DIRECTIONS FOR THIS TASK: In this exercise, the entries below include pictures. Repeat exactly the lines from the line with "Cách chọn mua và chế biến món ngon từ nấm" to the line with "Crepidula fornicata growing", including both, but without the pictures.

RECORDS FOR THE EXERCISE:
++++++++++++++++++++
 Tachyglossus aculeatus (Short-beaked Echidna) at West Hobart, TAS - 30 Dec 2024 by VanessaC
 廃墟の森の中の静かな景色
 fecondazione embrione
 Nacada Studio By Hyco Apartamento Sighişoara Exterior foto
++++++++++++++++++++
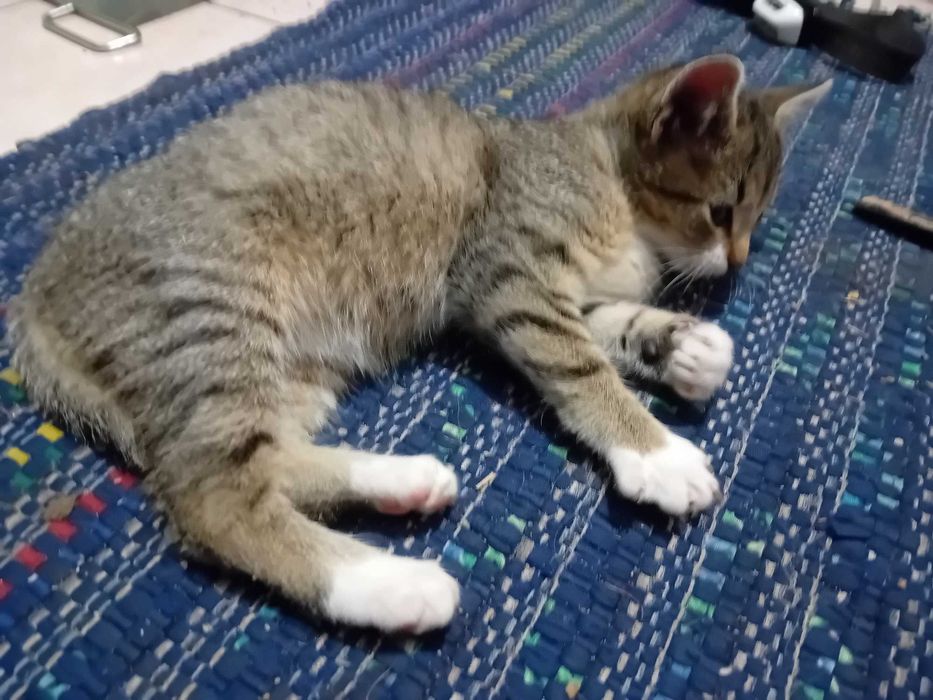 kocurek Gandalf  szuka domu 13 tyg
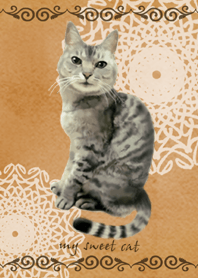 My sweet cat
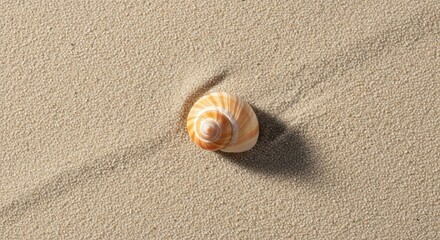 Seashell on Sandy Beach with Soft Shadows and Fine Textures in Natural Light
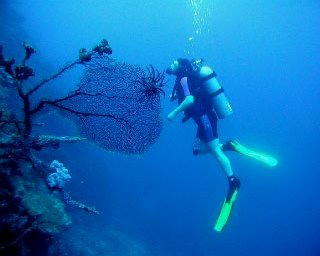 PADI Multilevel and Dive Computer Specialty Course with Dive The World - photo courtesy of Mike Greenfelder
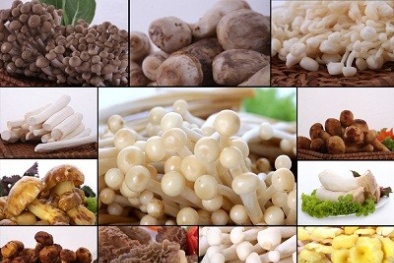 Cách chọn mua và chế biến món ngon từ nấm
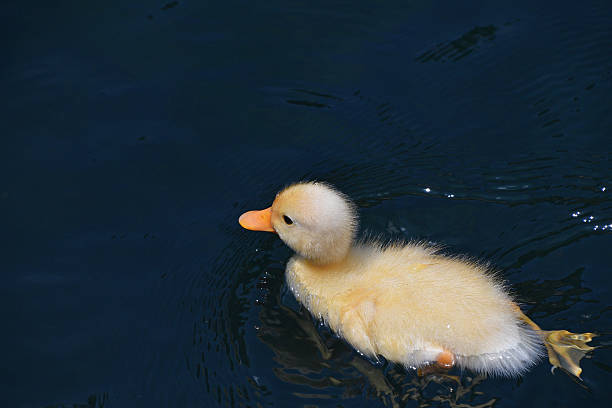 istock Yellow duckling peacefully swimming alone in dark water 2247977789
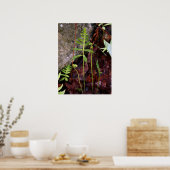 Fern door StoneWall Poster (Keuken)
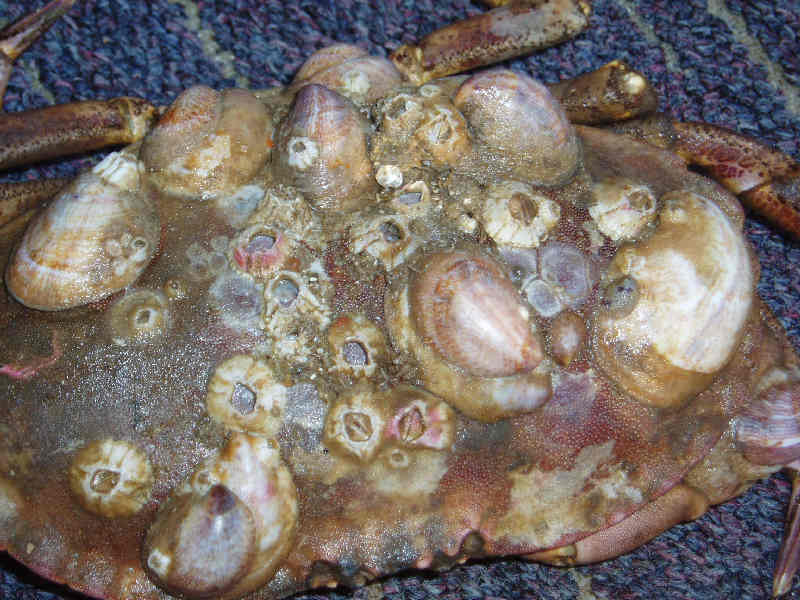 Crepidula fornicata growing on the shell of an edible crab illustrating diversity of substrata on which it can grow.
++++++++++++++++++++
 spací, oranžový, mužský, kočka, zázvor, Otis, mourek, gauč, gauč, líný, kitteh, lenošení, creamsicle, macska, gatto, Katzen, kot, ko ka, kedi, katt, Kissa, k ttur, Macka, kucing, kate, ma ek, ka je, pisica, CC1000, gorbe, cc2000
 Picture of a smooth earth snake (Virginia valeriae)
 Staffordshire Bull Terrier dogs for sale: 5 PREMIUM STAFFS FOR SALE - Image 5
++++++++++++++++++++
TASK OUTPUT:
 Cách chọn mua và chế biến món ngon từ nấm
 istock Yellow duckling peacefully swimming alone in dark water 2247977789
 Fern door StoneWall Poster (Keuken)
 Crepidula fornicata growing on the shell of an edible crab illustrating diversity of substrata on which it can grow.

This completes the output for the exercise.